The new Winter 2014 issue of the Paris Review features an interview with Michael Haneke: “We, in our protected little worlds, are much more numb because we are in luck not to experience danger on a daily basis. But that’s precisely why the film industry in the so-called first world is in such a rut. There is just so much recycling. We don’t have the capability to represent authentic experiences because there is so little we do experience.”

And Michael Bible talks with Barry Gifford, whose novel Wild at Heart: The Story of Sailor and Lula turns 25 this year. The former journalist practically gave his agent a heart attack when he told him he wanted to write a novel. But then “Twin Peaks producer Monty Montgomery—perhaps better known as the Cowboy from Mulholland Drive—gave Lynch an early copy of the novel. [David] Lynch optioned it, and a year later, they premiered the movie at Cannes.” Where it won the Palme d’Or.

“How do you feel about the way Spring Breakers was perceived?” Eric Kohn asks Harmony Korine in a new book entitled, appropriately enough, Harmony Korine: Interviews. The Dissolve‘s running an excerpt.

Marion Cotillard’s just won the New York Film Critics Circle‘s best actress award for her performances in James Gray’s The Immigrant and the Dardennes’ Two Days, One Night. For the Playlist, Rodrigo Perez talks with her about both films as well as Macbeth, in which she’ll appear alongside Michael Fassbender.

James Benning in 2007

“In FAROCKI, which premiered at the Viennale in Austria last month, James Benning stares fixedly at a single cloud-formation—mainly cumulus, with stratocumulus cameos—for just under 77 (soundless) minutes,” writes Neil Young in the Notebook. “77 minutes is long enough to demand significant investment in terms of time and concentration, to contemplate or even surrender to a Burkean ‘Sublime’; short enough to avoid feeling like an imposition or an indulgent tiptoe into the realms of the Emperor’s New Clothes. Benning’s piece joins a cloud-art lineage of Friedrich, Turner, Constable (who painted nothing else between 1821-2), Magritte and also Ansel Adams, one of the few American photographers with whose work Benning has admitted significant familiarity.”

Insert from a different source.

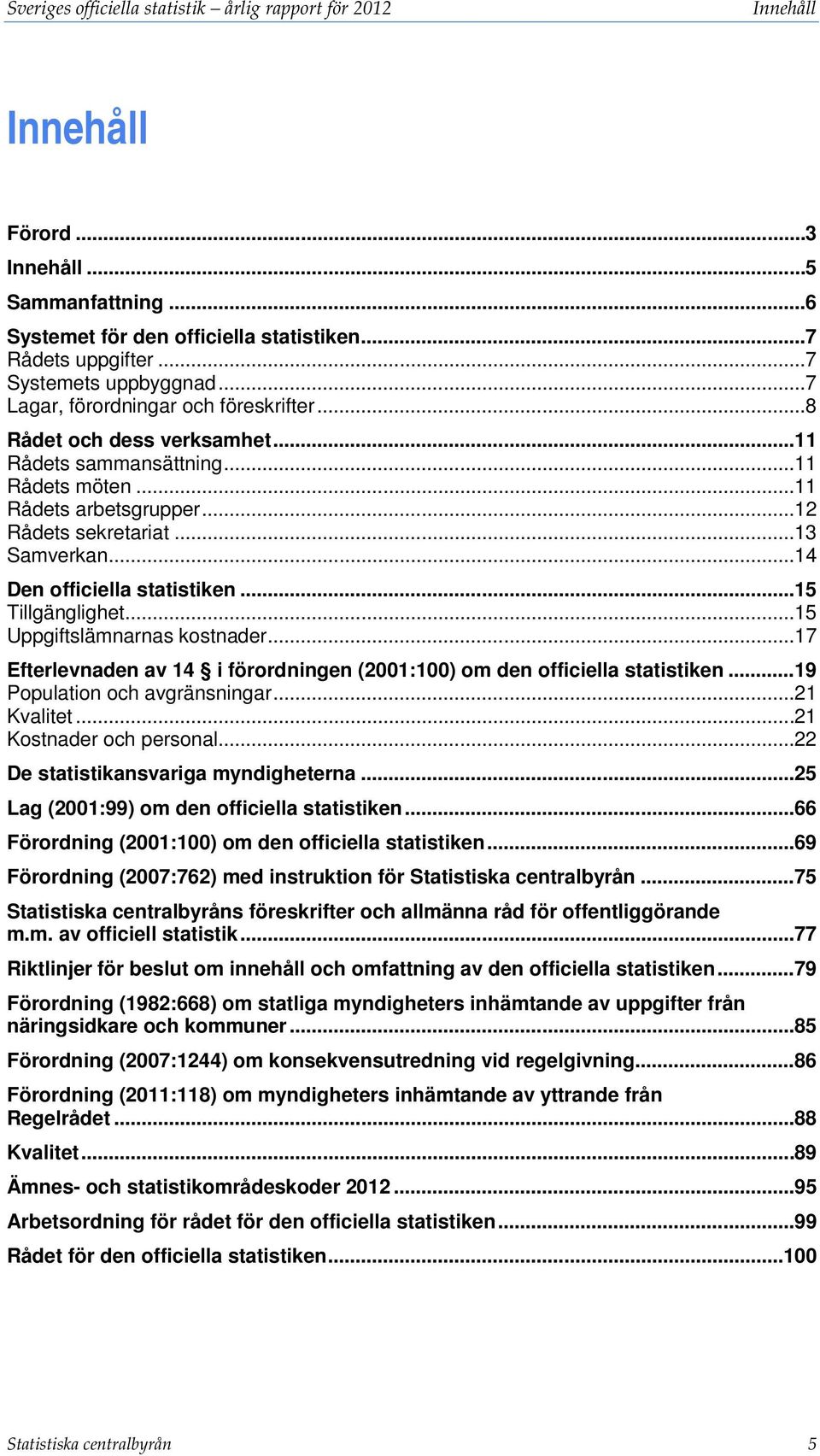 .. 13 Samverkan... 14 Den officiella statistiken... 15 Tillgänglighet... 15 Uppgiftslämnarnas kostnader... 17 Efterlevnaden av 14 i förordningen (2001:100) om den officiella statistiken.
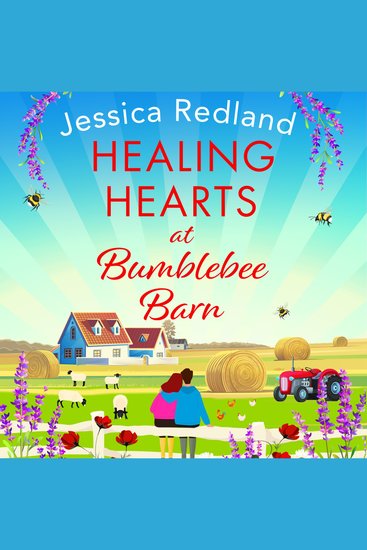 Healing Hearts at Bumblebee Barn - A feel-good novel from million-copy bestseller Jessica Redland author of the Hedgehog Hollow series - cover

Peter Labuza for the Film Stage: “It is important to note [Shirley] Clarke’s avant-garde roots when looking at her documentaries, notably two new Blu-Ray releases from Milestone Films: Portrait of Jason and Ornette: Made in America. On their surfaces, both resemble conventional forms of documentary filmmaking we know too well: Jason is essentially a tell-all confessional, shot over one night where a man can pour out his soul, while Ornette: Made in America celebrates of one of free jazz’s most influential artists by tracking his history and legacy. Neither, however, could be effectively summarized as that without looking at how they break down the form as well. Clarke might be considered a non-fiction artist, but the former member of the New York Underground bucks all conventional codes of her genre.”

“It’s a weird year for comedy. We lost Robin, we lost Joan, and we kind of lost Cosby.” That’s Chris Rock, talking to Frank Rich in New York. A bit more: “Here’s the thing. When we talk about race relations in America or racial progress, it’s all nonsense. There are no race relations. White people were crazy. Now they’re not as crazy. To say that black people have made progress would be to say they deserve what happened to them before. So, to say Obama is progress is saying that he’s the first black person that is qualified to be president. That’s not black progress. That’s white progress.”

David Cairns has opened The Late Show: The Late Movies Blogathon.

It’s Parker Posey Day at DC’s.

One more, in French. Arte programmer Olivier Père reports on a visit he paid to the set of Philippe Garrel’s L’Ombre des femmes in August. Garrel’s now editing.